Sanatçı Rutkay Aziz, "12 Mart'ta ve 12 Eylül'de bile soldan bu kadar dönek çıkmamıştır" görüşünü dile getirdi.
Rutkay Aziz, Posta'dan Alev Gürsoy Cimin'in sorularını yanıtladı. Aziz, Cimin'in "Bugünü geçmişle kıyaslayınca nasıl bir değişim görüyorsunuz sanat dünyasında?" sorusuna şu yanıtı verdi:Çok var. 12 Mart'ta ve 12 Eylül'de bile soldan bu kadar dönek çıkmamıştır. 80'li yıllarda Ruhi Su ile sohbet ederken saf değiştirenler için şöyle demişti: "Rutkay evladım, bazı insanlar özüne dönmek için bazı tarih ve dönemleri beklerler." 80'li yıllarda dediği laf bağdaş kurmuş kafamda oturuyor şimdi…
İşte o röportajdan dikkat çeken bölümler:
Siz de cüzdanınıza bakınca kara kara düşünüyor musunuz?
Kuşkusuz. Ben de emeğiyle yaşayan insanım. Rant diye yaşayan bir adam değilim neticede. Üç oyun kalktığı zaman hep beraber zorlanıyoruz. Ben zengin aile çocuğu değilim. Eğitimli bir ailenin çocuğu olsam da bugüne dek hep kendi emeğimle ayakta durdum. Tabii kızım Doğa da öyle... O nedenle bizlerin ay sonunu düşünmeme gibi bir şansı, lüksü yok.

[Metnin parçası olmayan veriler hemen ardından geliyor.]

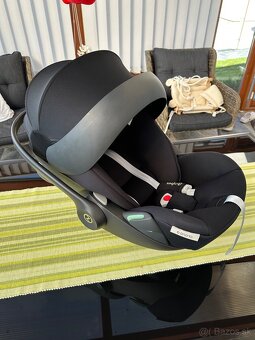 CYBEX Cloud G i-Size - 2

En yakın arkadaşınız Tarık Akan’ın acısını daha atlatamadınız değil mi?
Asla yeri dolmuyor. Dolmaz da. Çok özlüyorum. Tam şurada oturuyorduk işte, şimdi oturamıyorum orada. O koltuğa geçemiyorum. Çok arkadaş kaybettik, yalnızlaştım. 72 yaşındayım artık... Çoğu arkadaşım bu yaşını göremedi. Onlar gittikçe ben eksildim. Eksildikçe de üzüntüm arttı.
Umutsuz musunuz geleceğe dair?
Olur mu? Umut olmaz mı canım! Önemli olan umudu eyleme dönüştürmek. 80 öncesi ve sonrasındaki tiyatroyla günümüz tiyatrosu ve sanatı arasındaki en büyük farklardan biri sanatçıların muhalif duruşunun bir anlamda bölünmesi, parçalanması. Hiçbir zaman sanatçılar bu kadar parçalanmamış ve karşı karşıya gelmemişti. Düzenin adamı olmamıştı sanatçı, daima muhalif duruşunu göstermişti, göstermek durumundaydı.
METİN’LE MÜjDAT TÜRKİYE’NİN SAYILI GÜLDÜRÜ USTALARINDAN
Metin Akpınar ve Müjdat Gezen iki yakın dostunuz. Yaşadıklarını nasıl tanımlarsınız?
Metin’le Müjdat tartışmasız Türkiye’nin sayılı güldürü ustalarından. Çok üzüldüm ve şaşırdım. Bu iki güldürü ustası şu anda çok trajikomik bir oyunun içindeler. Ve bir an önce tarafsız ve bağımsız bir yargının onları özgürlüğüne kavuşturmasını diliyorum.
Cumhurbaşkanı Erdoğan, Fazıl Say’ın konserine gidecek. Fazıl Bey’in daveti bir adım değil mi sizce?
Tabii canım bir adımdır. Atılsın yeter ki gitsin Cumhurbaşkanı bir Mozart bir Beethoven dinlesin. Belki iyi gelir.